Etsy’s expanded definition of handmade now includes “hand-assembled.” The policy states: “Handmade items must be created by the seller operating the Etsy shop (or a member of that shop). Selling commercial or mass-produced items on Etsy’s handmade categories is not permitted.” So the stuffed animal can be made by a member of my shop, but it can’t be mass-produced. If I have four employees sewing for me, my toys are handmade. If I hire 4,000 factory workers, though, they aren’t, even if the process is exactly the same.
—–
The same day last week that I watched the video I also read this post by Kevin Morris on the DailyDot entitled, “Why Etsy’s Brave New Economy is Crumbling.” The article focuses on Etsy resellers, a topic
that’s been discussed at length many times in many places. About Etsy’s new definition of handmade Morris says, “According to Etsy’s rules, that might look like this: one artist screen prints fabric, then another artist sews clothing from the fabric. The finished product is listed in a collective Etsy shop. With Dickerson’s changes a store can also now outsource its designs to a machine cutter, which makes a larger collective sound more and more like an assembly line, with each ‘member’ simply being one step in the assembly process.”
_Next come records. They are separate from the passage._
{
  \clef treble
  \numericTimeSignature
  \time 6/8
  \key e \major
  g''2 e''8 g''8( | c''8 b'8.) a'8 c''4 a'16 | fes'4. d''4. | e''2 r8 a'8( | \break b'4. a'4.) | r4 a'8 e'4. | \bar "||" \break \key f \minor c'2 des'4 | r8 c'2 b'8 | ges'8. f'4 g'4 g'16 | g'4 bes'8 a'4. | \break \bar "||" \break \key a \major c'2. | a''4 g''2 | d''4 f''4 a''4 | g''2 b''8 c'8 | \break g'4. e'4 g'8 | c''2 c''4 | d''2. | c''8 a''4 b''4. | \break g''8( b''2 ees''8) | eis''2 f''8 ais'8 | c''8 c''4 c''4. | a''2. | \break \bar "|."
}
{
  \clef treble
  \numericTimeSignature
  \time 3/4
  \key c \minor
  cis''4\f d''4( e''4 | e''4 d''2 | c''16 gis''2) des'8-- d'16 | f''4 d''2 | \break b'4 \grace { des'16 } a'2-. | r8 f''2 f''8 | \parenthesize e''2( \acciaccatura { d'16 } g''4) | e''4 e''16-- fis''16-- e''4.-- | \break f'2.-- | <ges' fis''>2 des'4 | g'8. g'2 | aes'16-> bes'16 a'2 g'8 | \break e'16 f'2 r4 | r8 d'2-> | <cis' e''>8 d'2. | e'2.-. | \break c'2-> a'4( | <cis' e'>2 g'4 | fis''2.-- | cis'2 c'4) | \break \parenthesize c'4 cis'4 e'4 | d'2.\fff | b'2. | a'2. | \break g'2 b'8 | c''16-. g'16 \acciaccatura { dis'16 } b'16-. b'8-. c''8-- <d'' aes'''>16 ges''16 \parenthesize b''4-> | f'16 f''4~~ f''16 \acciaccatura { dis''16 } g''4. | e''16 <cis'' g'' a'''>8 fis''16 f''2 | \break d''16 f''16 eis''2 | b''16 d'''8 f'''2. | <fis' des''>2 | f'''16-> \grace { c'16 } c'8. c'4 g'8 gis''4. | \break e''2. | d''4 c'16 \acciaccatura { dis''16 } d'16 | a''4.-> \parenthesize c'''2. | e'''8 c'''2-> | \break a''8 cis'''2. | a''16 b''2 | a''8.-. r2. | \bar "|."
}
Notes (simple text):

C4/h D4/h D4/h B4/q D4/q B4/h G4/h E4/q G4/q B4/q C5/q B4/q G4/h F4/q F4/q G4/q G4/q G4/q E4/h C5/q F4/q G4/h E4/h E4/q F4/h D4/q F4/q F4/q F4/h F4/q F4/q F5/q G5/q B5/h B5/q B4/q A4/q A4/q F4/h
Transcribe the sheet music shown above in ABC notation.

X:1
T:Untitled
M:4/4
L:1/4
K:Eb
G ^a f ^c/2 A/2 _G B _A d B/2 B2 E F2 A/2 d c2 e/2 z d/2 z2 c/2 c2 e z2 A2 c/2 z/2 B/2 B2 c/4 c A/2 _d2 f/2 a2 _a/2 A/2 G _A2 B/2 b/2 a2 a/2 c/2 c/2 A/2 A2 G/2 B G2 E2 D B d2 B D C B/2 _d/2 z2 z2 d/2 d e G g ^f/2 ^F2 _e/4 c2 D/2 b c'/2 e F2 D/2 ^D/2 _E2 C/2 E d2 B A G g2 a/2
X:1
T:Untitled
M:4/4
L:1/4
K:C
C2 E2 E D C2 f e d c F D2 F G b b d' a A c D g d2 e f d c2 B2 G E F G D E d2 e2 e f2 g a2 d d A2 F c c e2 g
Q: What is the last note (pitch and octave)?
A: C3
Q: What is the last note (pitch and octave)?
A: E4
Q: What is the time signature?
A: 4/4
Morris’ point is that this is a slippery slope toward condoning shops selling factory made goods on Etsy, a site that’s supposedly a handmade marketplace. He shows us how resellers corrupt Etsy’s mission, driving down prices to the point that the real handcrafted items can’t compete. I get it. Resellers that scan Japanese craft books and resell the pages as PDF patterns, patterns they certainly don’t have the copyright to, drive me insane. It makes me just as mad as everyone else. I’m not arguing that it be allowed.
Neopet Flotsam on the left. My Shark on the right.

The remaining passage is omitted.